### What this task involves
Wherever the word "Modern" appears in the entries, copy the whole line.

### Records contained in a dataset
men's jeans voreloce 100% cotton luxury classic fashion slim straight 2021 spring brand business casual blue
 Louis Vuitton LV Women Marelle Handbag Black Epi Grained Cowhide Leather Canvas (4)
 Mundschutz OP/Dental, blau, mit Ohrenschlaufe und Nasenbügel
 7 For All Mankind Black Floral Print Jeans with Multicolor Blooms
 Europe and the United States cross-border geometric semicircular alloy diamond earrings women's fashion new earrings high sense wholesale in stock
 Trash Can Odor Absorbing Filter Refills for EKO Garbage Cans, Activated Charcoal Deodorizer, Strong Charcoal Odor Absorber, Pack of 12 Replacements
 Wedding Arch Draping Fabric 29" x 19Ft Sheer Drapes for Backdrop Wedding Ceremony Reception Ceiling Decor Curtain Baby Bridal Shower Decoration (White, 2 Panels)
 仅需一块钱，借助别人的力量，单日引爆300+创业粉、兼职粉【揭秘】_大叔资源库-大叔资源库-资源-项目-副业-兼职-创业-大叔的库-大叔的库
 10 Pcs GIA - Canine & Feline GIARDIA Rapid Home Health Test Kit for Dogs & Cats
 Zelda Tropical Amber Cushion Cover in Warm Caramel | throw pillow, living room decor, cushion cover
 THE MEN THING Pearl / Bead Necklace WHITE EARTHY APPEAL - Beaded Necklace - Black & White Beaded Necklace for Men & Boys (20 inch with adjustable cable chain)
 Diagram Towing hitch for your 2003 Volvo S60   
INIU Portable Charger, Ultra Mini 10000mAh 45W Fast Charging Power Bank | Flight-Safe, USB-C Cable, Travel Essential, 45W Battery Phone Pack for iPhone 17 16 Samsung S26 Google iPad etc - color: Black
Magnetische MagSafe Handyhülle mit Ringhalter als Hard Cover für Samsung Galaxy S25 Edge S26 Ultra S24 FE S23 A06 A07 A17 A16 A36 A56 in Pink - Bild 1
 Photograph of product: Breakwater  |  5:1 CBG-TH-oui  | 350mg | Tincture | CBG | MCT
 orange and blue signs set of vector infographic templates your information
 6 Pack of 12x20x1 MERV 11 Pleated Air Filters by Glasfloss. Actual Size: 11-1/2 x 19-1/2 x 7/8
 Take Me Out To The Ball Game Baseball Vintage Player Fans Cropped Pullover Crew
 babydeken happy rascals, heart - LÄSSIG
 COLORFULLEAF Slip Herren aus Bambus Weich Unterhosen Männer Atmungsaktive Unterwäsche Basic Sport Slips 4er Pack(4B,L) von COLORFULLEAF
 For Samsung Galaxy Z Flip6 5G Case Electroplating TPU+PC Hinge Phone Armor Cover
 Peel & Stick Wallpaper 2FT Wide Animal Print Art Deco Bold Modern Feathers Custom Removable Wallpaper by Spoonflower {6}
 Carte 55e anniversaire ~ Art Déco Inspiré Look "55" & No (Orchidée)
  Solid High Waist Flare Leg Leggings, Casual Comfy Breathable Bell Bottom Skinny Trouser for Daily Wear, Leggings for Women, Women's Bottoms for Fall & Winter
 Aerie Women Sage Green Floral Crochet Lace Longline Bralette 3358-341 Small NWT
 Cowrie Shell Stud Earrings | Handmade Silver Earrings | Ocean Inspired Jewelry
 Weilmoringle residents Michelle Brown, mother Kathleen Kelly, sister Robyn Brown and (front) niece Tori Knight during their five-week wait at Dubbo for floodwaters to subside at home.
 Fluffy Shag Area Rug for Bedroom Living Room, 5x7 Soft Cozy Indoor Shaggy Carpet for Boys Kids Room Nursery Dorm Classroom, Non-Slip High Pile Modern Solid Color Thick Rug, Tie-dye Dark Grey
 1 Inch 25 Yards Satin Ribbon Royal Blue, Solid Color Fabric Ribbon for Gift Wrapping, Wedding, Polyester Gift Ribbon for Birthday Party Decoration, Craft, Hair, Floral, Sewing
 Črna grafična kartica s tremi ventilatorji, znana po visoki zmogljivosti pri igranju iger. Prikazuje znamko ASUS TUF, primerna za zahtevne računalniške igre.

### Answer to this exercise
 Peel & Stick Wallpaper 2FT Wide Animal Print Art Deco Bold Modern Feathers Custom Removable Wallpaper by Spoonflower {6}
 Fluffy Shag Area Rug for Bedroom Living Room, 5x7 Soft Cozy Indoor Shaggy Carpet for Boys Kids Room Nursery Dorm Classroom, Non-Slip High Pile Modern Solid Color Thick Rug, Tie-dye Dark Grey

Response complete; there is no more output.